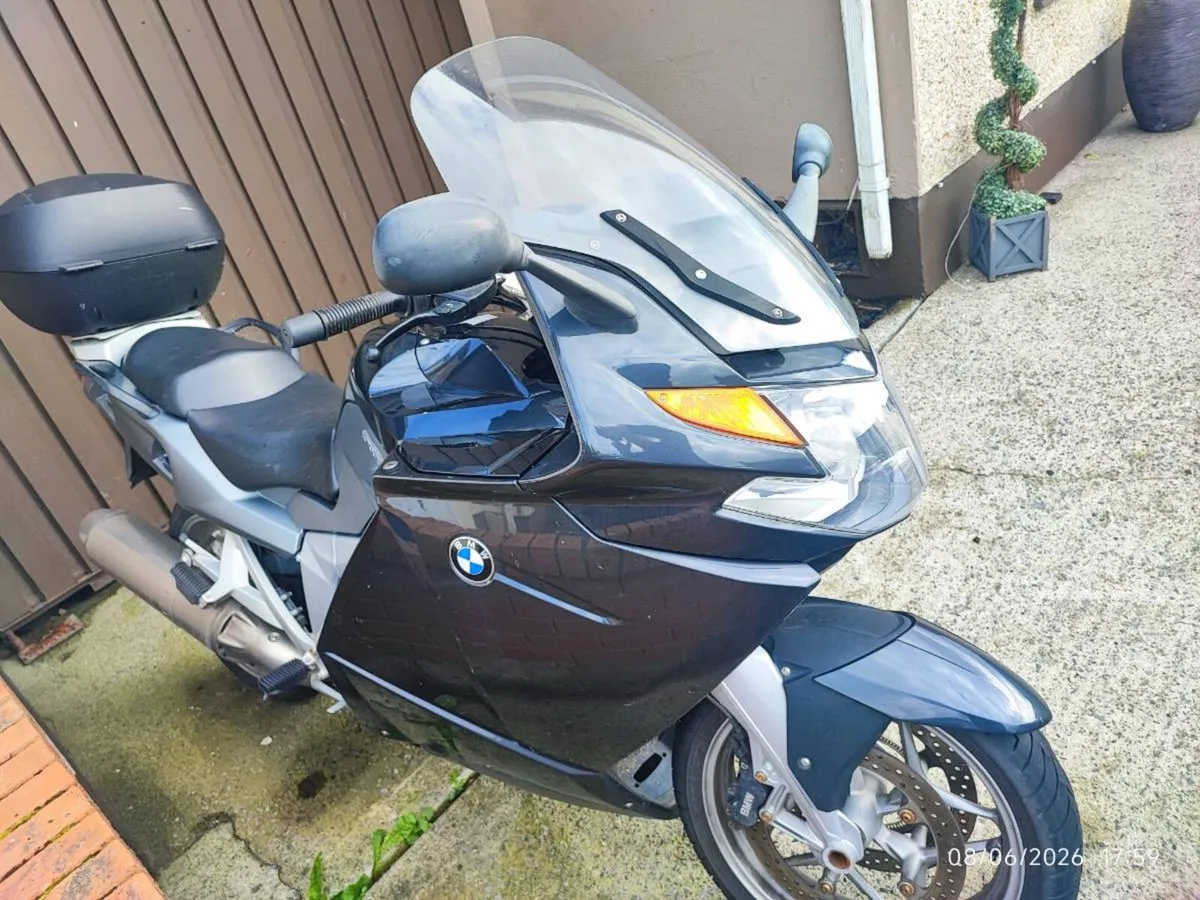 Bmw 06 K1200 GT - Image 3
◆ ◆ ◆
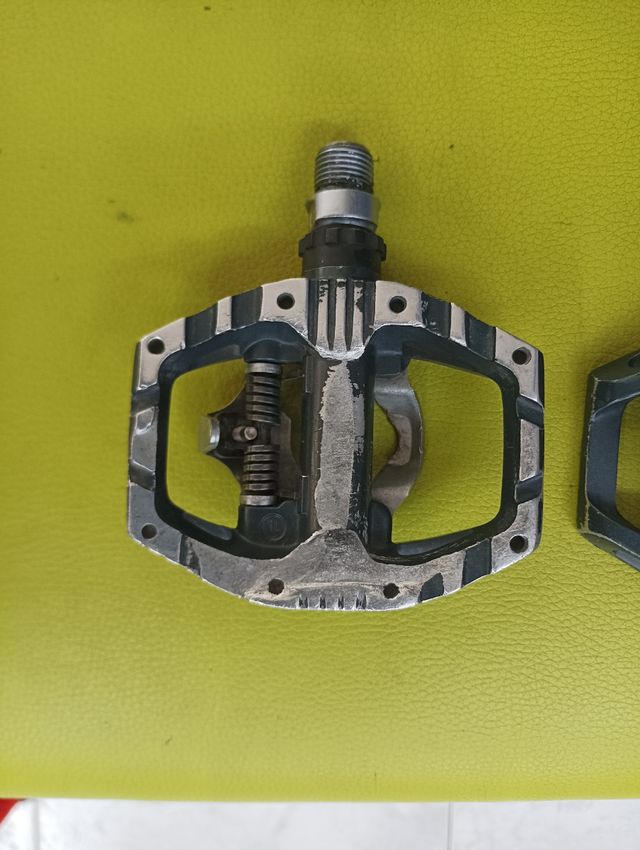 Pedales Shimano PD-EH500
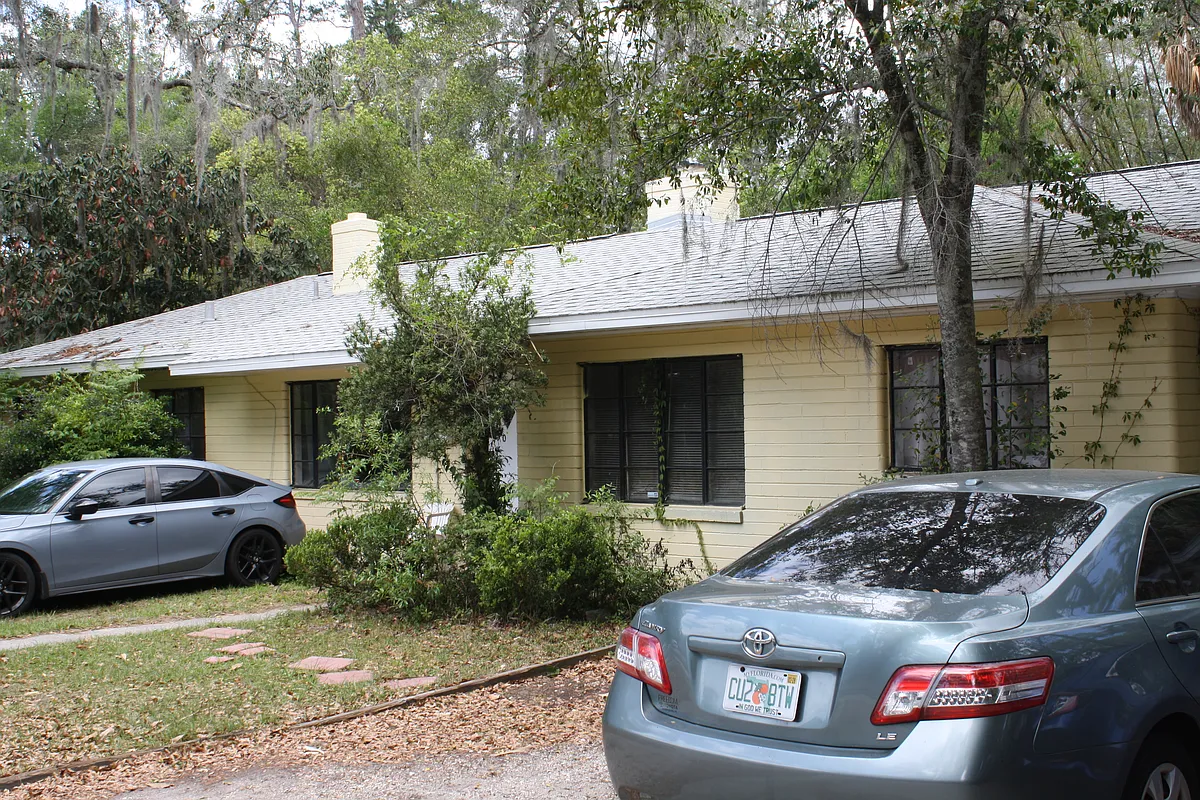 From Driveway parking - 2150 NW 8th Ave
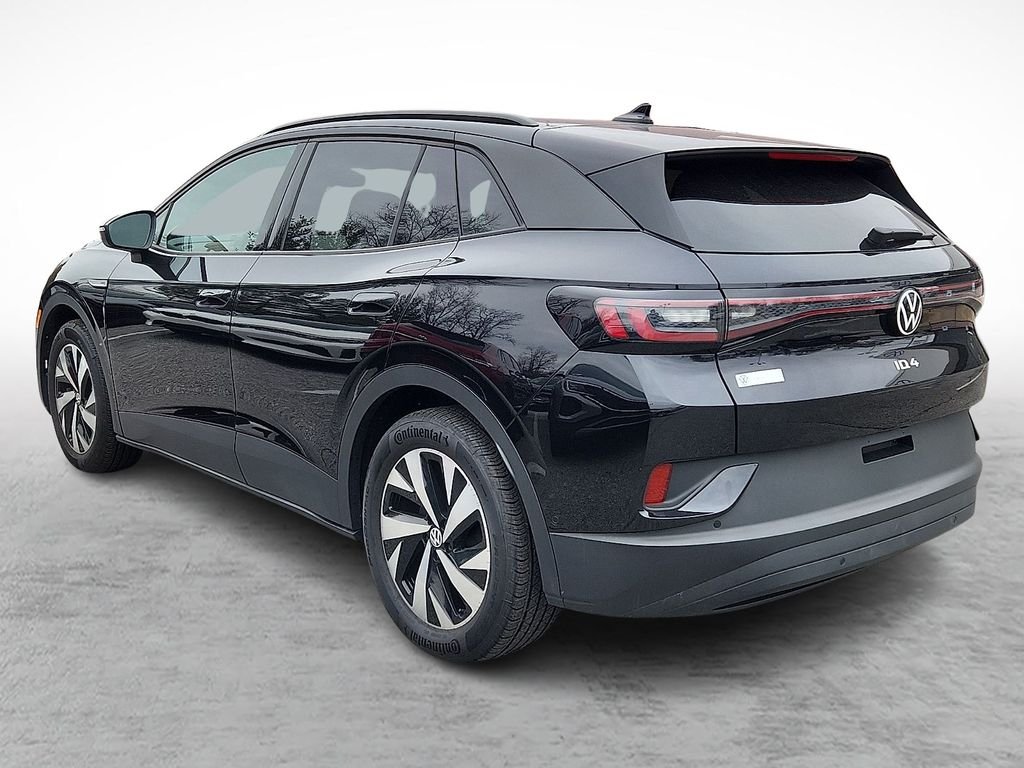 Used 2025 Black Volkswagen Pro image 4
◆ ◆ ◆
TASK STATEMENT. Copy exactly the lines of the entries above from the one containing "From Driveway parking - 2150 NW 8th Ave" through the one containing "Used 2025 Black Volkswagen Pro image 4". Both end lines count; pictures do not.

RESULT OF THIS EXERCISE.
 From Driveway parking - 2150 NW 8th Ave
 Used 2025 Black Volkswagen Pro image 4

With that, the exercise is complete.